BCLT homeowner Bob Robbins says, "I think every community should have a land trust--not just as a fringe option but as the dominant model to keep housing affordable."


Ten years before Hillary showed up in Washington, Bernie was finding successful ways for people who couldn't afford the conventional offerings to own homes without them getting ripped off by Goldman Sachs. He was the first in the entire country to do so.

https://en.wikipedia.org/wiki/Bernie_Sanders
Under Sanders, Burlington became the first city in the country to fund community-trust housing.[61]


Hillary hangs with and takes money from people who scam poor home owners. Bernie finds safe ways for those same kinds of people to own a little part of the American dream without getting ripped off. Bernie was effectively telling these pricks to cut it out and finding good solutions for these people 26 years before Hillary ran for media cover on Dec 2007 when it was too late and the wheels were falling off the economy.

Bernie's fight for this kind of housing didn't end there. In 2001:
CONGRESSWOMAN BARBARA LEE INTRODUCES LEGISLATION FOR A NATIONAL AFFORDABLE HOUSING TRUST FUND
https://lee.house.gov/news/press-releases/congresswoman-barbara-lee-introduces-legislation-for-a-national-affordable
The tri-partisan National Housing Trust Fund Act is co-sponsored by Bernie Sanders (I-VT) and John McHugh (R-NY).


And they finally got it:
http://nlihc.org/issues/nhtf
The National Housing Trust Fund was established as a provision of the Housing and Economic Recovery Act of 2008, which was signed into law by President George W. Bush. The passage of National Housing Trust Fund legislation is a major victory for low income housing advocates and the lowest income people in our country with the most serious needs.


That's a stark difference between the two candidates. Bernie had vision and solved the problem for his constituents. Hillary got some video of her trying to stop the greed problem by the people who fund her - long after the point when it was way too late.

As human beings, to me, the difference between them is night and day. Bernie's honest and he sincerely cares to do good things for the people he represents - particularly the poor or disadvantaged.
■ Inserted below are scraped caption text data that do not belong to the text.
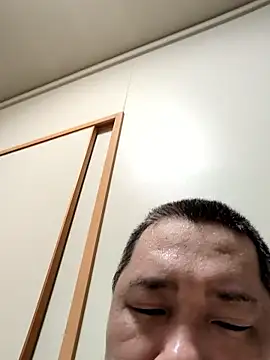 Snapshot of daisu1026 chatting on 11/17/25, 02:45 daisu1026 online show from 11/17/25, 02:45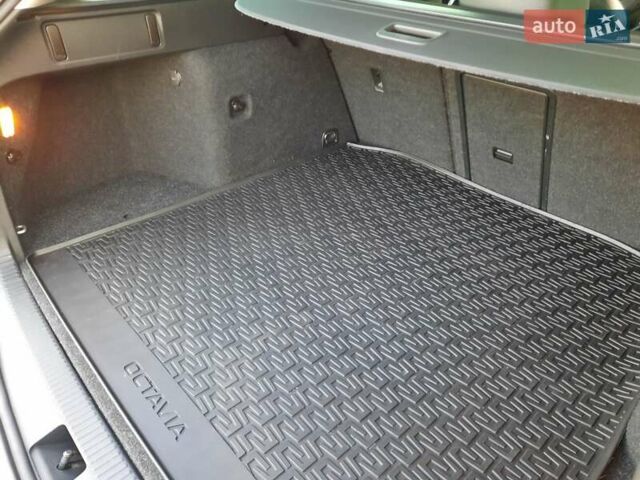 Черный Шкода Октавия, объемом двигателя 1.6 л и пробегом 192 тыс. км за 17800 $, фото 111 на Automoto.ua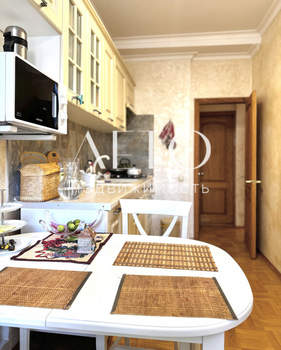 3-к квартира, вторичка, 61м2, 2/3 этаж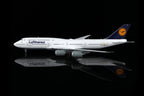 1/200 Lufthansa B747-8 D-ABYP L2106 / L2106FD - image 2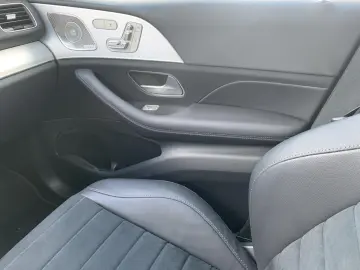 GLE 300 d 4M *AMG*Multibeam*AHK*Memory*Pano*21''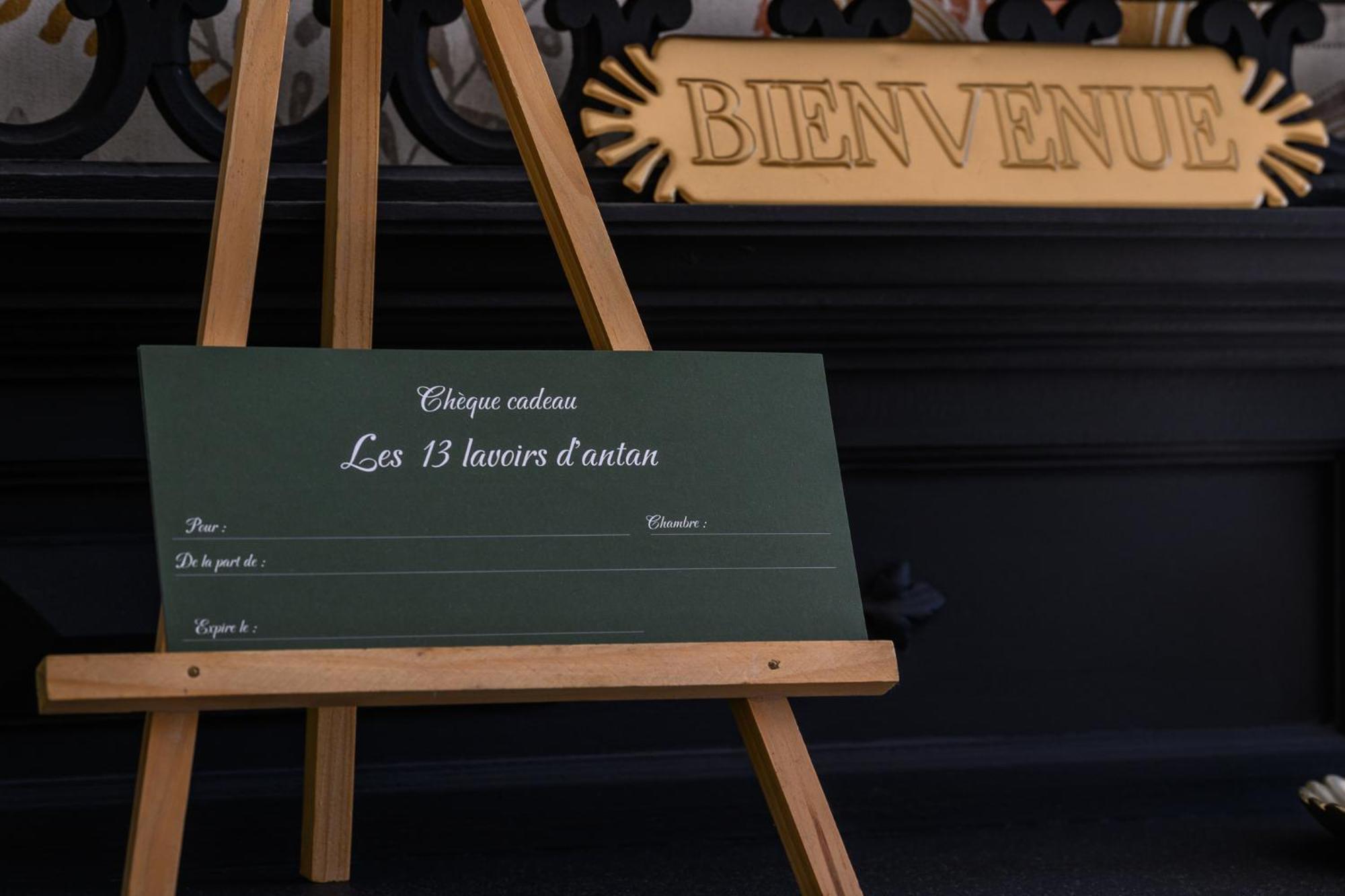 Les 13 Lavoirs D'Antan - Chambre Globe-Trotteur Saint-Pierre-Église Zewnętrze zdjęcie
Hillary is not honest and is like the kid in school who liked to run the United Way program - not so much because of the good it would do for others but because of the good it would do for her when others take notice of her.

Hillary wants to be the first woman president. Bernie wants a bunch of bad crap to stop happening to the people around him.

The differences cut right to the core of who they have been as people all their lives and why they have done what they have done all their lives. Hillary represents American aristocracy and the power and entitlement of the wealthy. Bernie represents the proletariat, working and middle class who have been getting the short end of the stick for the last number of decades.

If you're part of the American aristocracy, you should vote for her. She has your best interests at heart. But if not, you ought to look closer at what Bernie is really about because the heavy odds are, in some way, he's either got your back or he's in your corner.